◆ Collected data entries
________________________________________
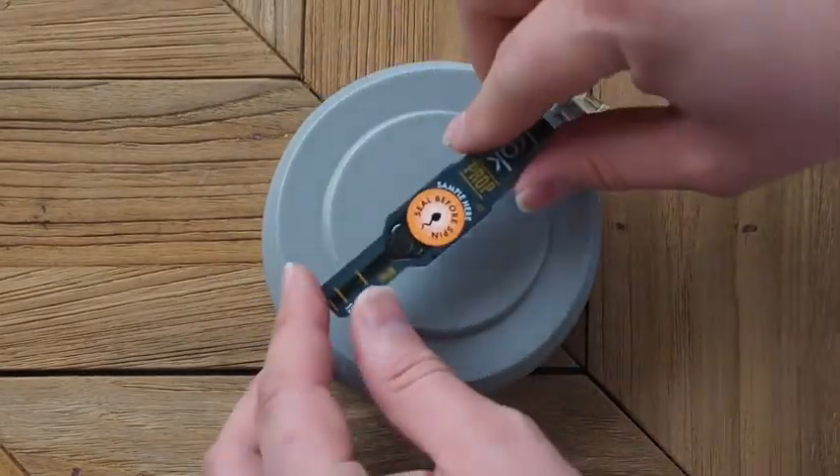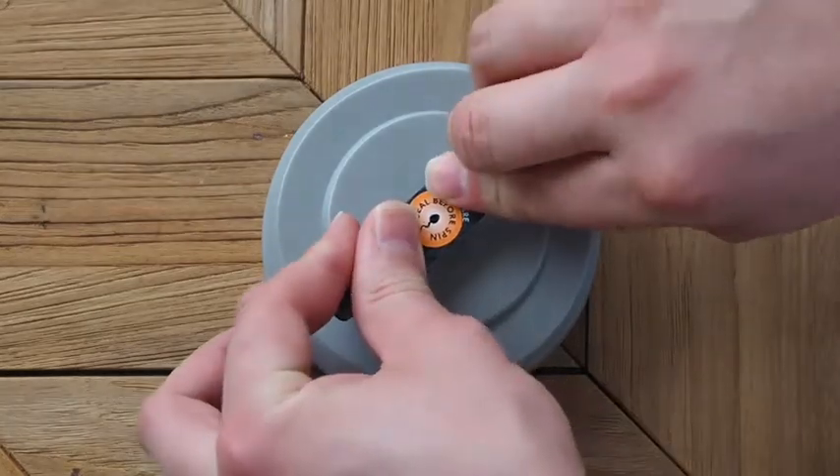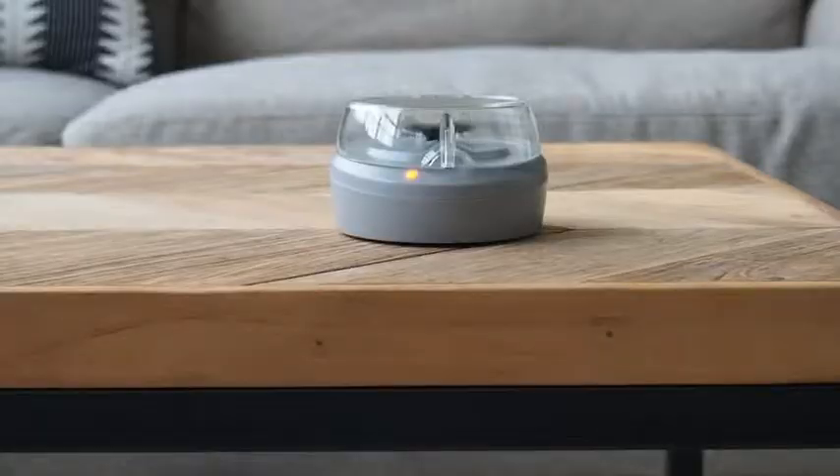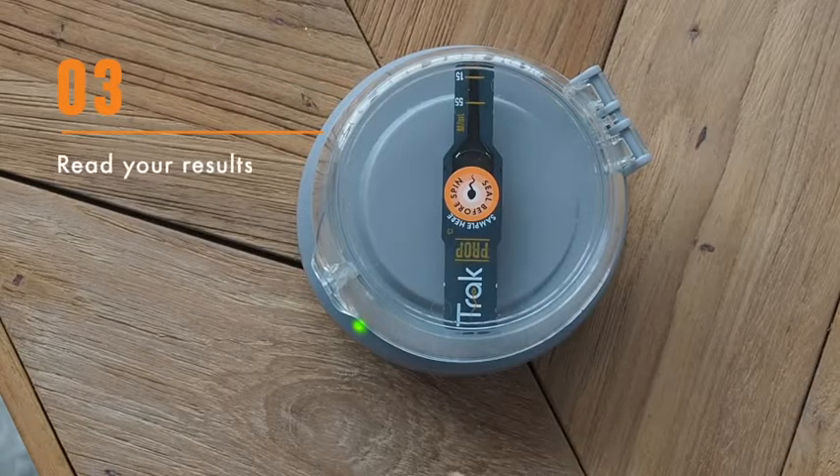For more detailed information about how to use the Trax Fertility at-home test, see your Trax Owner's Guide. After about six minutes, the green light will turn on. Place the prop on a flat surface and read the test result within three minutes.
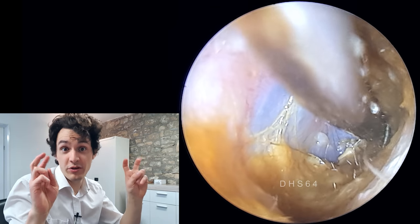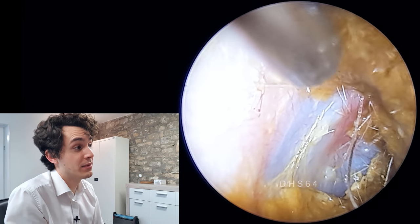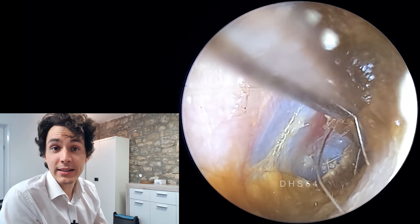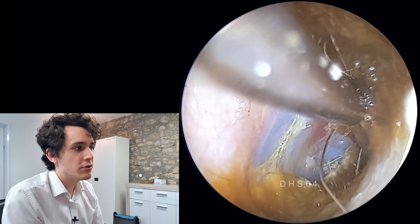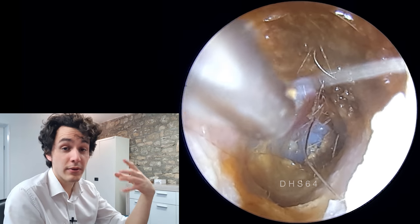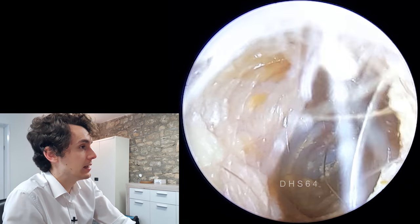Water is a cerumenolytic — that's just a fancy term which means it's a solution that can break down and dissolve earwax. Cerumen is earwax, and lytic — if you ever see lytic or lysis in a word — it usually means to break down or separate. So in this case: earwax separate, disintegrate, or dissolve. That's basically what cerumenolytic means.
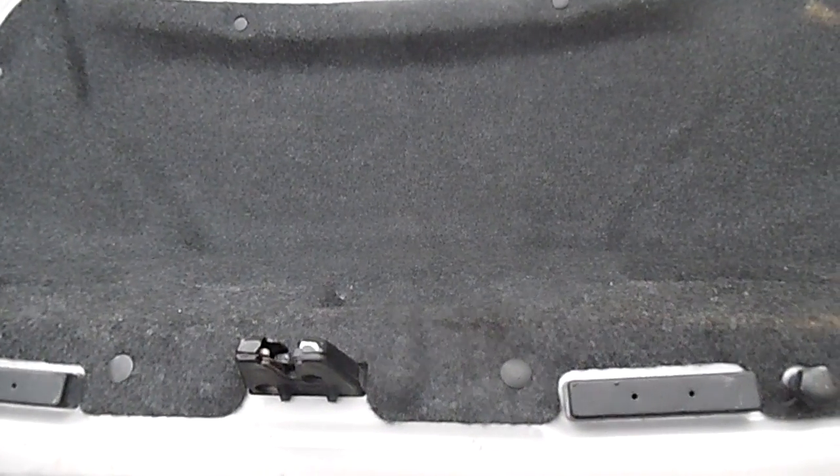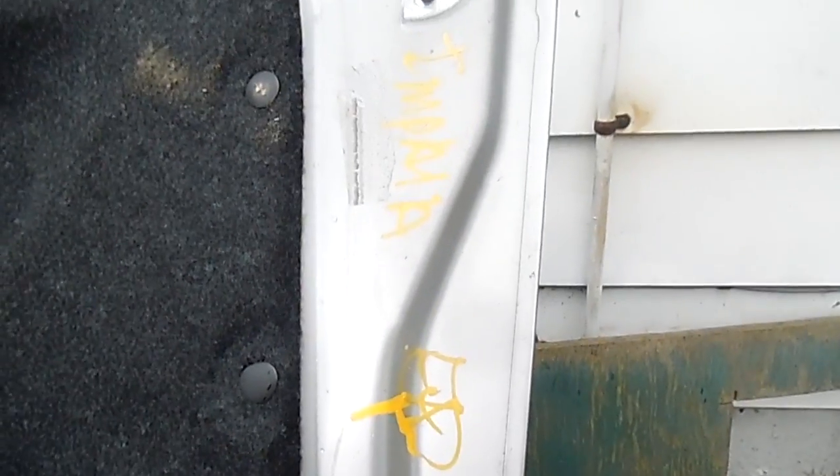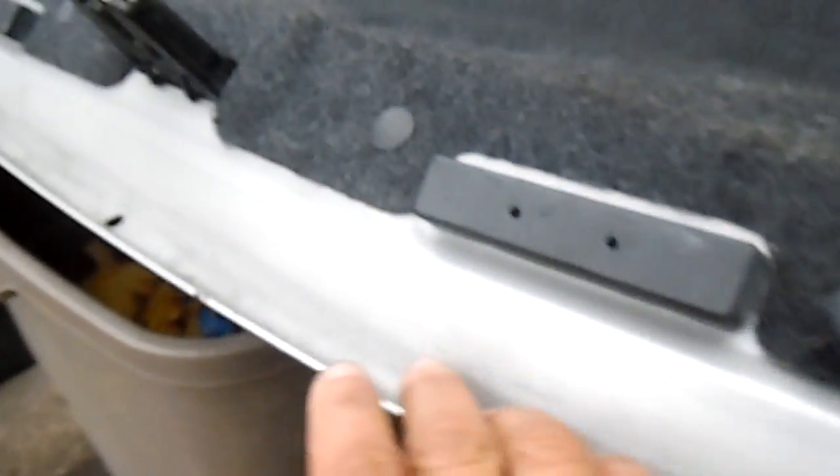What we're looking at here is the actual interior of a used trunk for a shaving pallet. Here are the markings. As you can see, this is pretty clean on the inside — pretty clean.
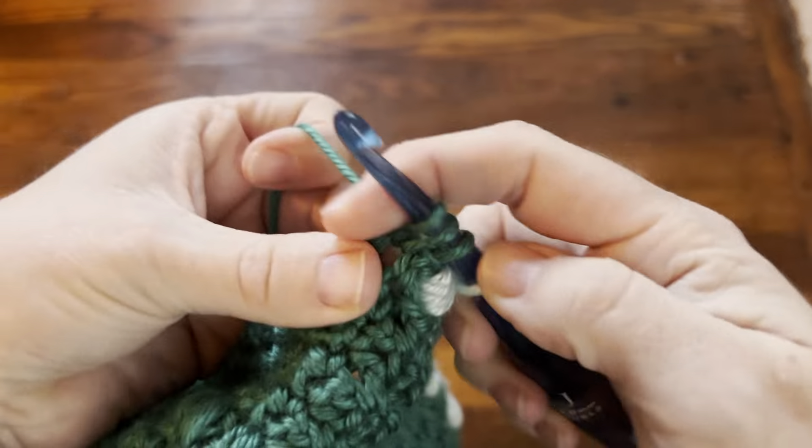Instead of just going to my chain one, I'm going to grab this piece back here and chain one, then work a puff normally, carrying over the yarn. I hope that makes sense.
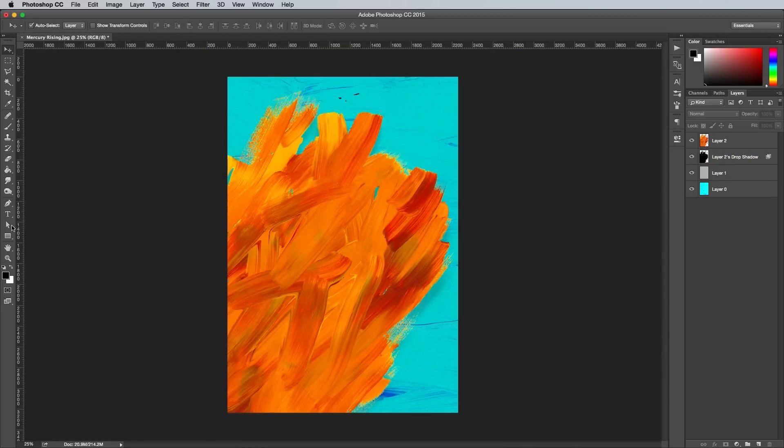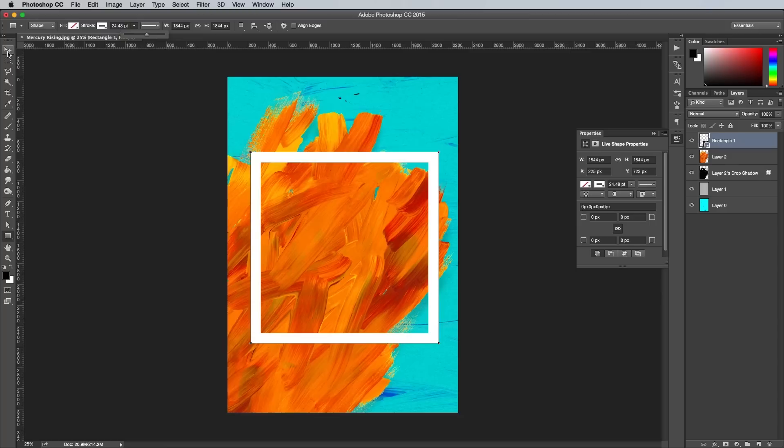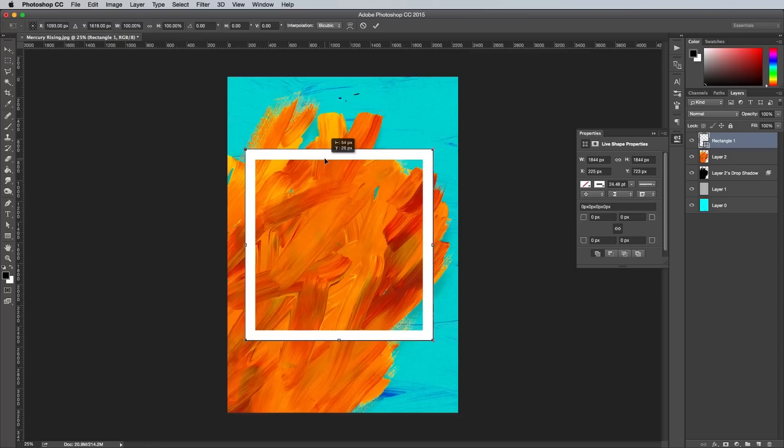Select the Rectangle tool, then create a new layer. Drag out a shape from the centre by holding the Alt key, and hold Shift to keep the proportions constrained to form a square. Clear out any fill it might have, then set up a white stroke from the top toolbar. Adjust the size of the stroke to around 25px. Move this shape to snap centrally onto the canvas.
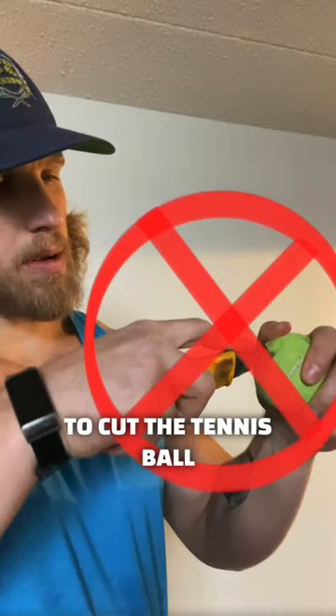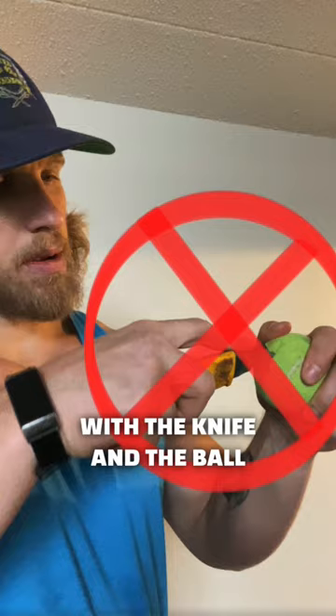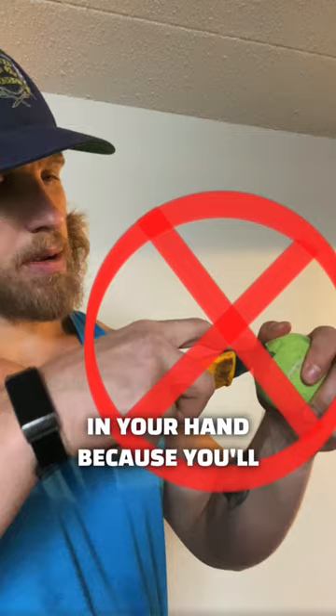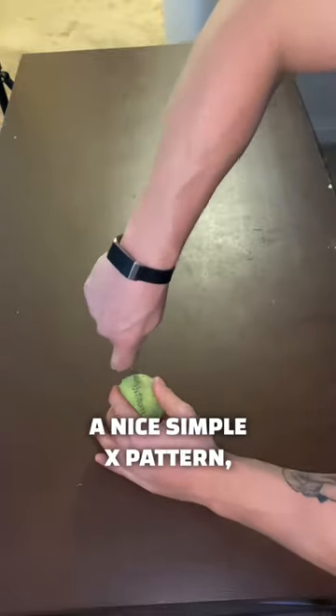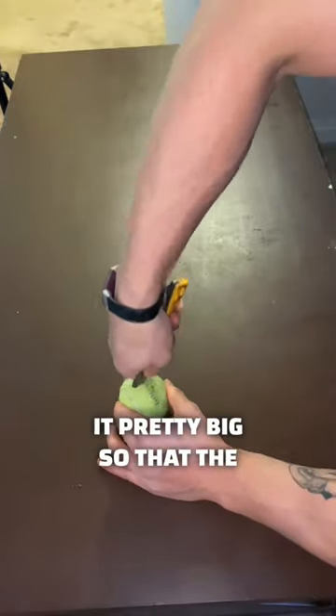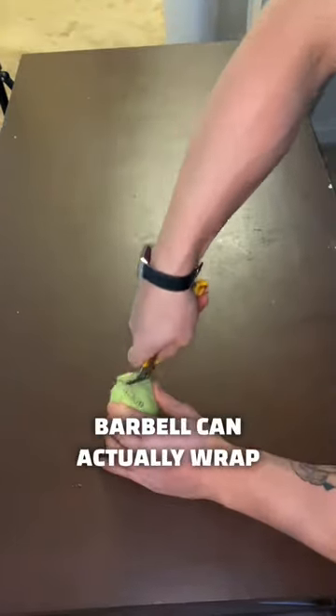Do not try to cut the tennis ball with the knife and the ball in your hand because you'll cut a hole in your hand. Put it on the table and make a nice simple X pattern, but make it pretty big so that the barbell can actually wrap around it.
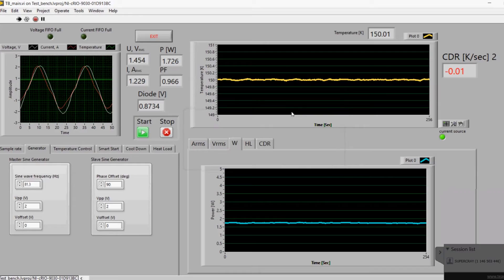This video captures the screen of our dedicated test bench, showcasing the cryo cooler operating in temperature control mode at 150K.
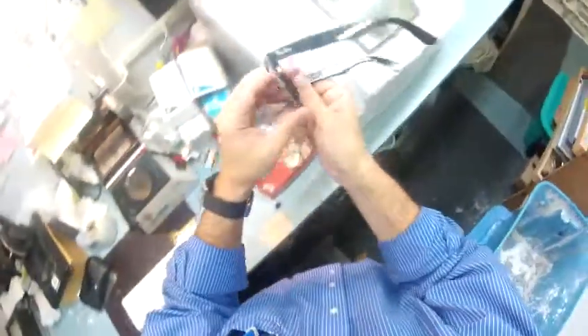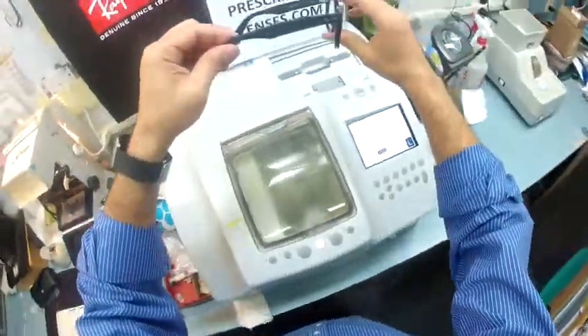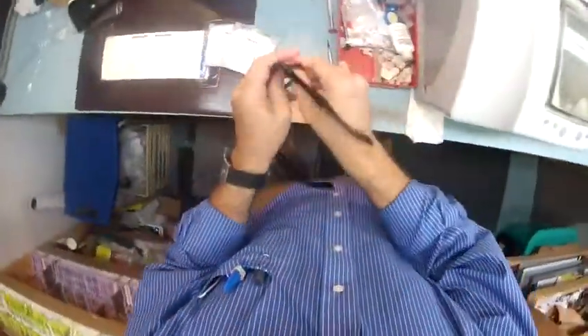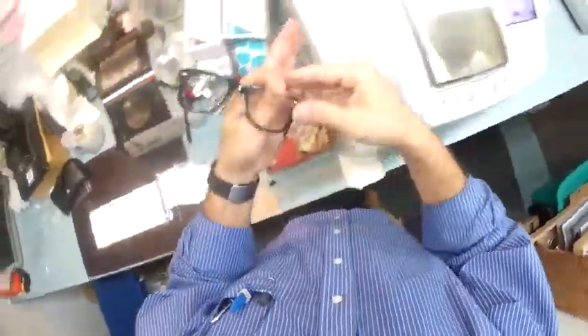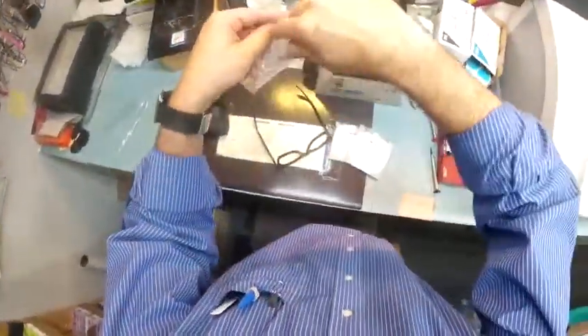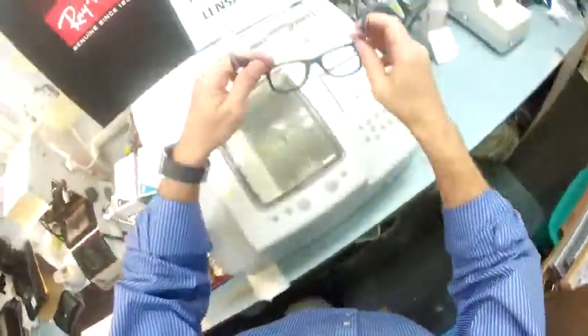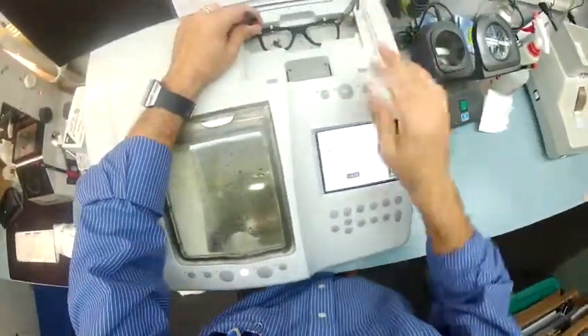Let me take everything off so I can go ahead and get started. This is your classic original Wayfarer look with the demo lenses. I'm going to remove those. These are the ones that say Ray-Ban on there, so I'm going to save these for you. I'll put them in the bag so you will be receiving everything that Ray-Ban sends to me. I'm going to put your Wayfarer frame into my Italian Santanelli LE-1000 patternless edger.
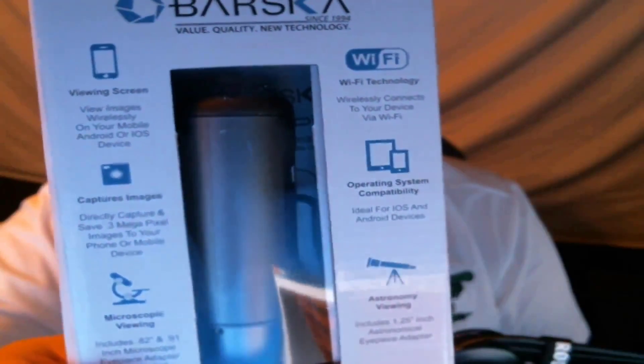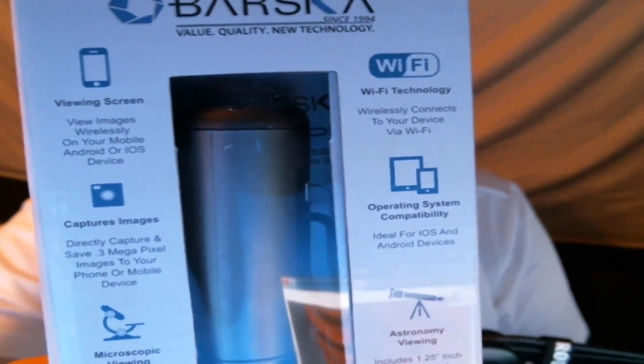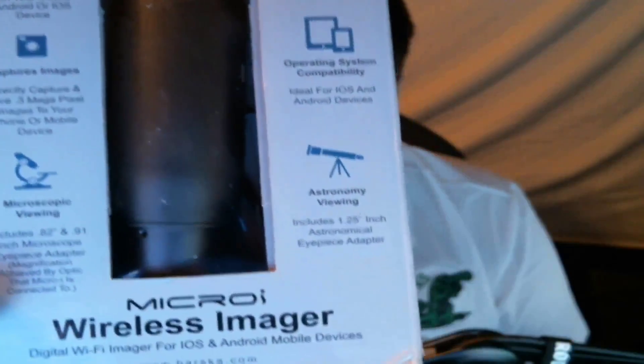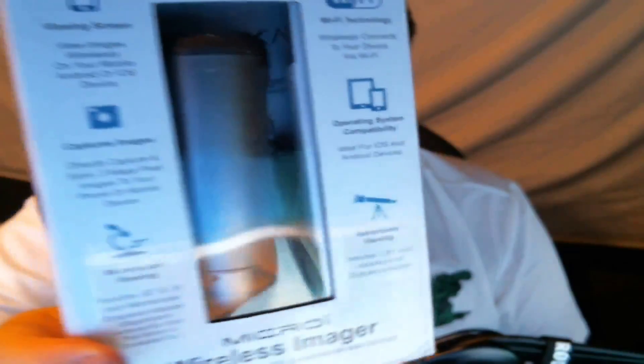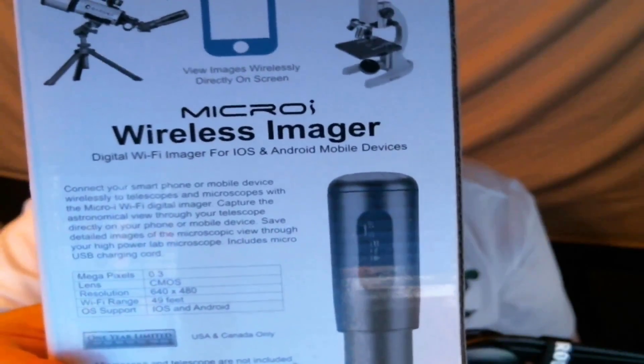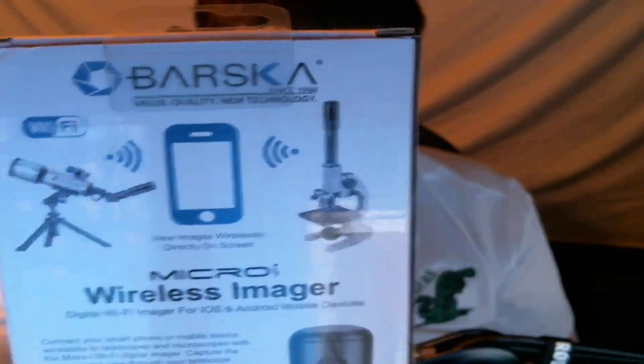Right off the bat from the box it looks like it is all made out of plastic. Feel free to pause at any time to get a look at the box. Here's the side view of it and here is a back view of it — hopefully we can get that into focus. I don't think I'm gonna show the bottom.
________________________________________
◆ Task details
Transcribe the entries above exactly, from their first line through the line with "What we're looking", and omit all pictures.

◆ Result below
For more detailed information about how to use the Trax Fertility at-home test, see your Trax Owner's Guide. After about six minutes, the green light will turn on. Place the prop on a flat surface and read the test result within three minutes.
Water is a cerumenolytic — that's just a fancy term which means it's a solution that can break down and dissolve earwax. Cerumen is earwax, and lytic — if you ever see lytic or lysis in a word — it usually means to break down or separate. So in this case: earwax separate, disintegrate, or dissolve. That's basically what cerumenolytic means.
What we're looking at here is the actual interior of a used trunk for a shaving pallet. Here are the markings. As you can see, this is pretty clean on the inside — pretty clean.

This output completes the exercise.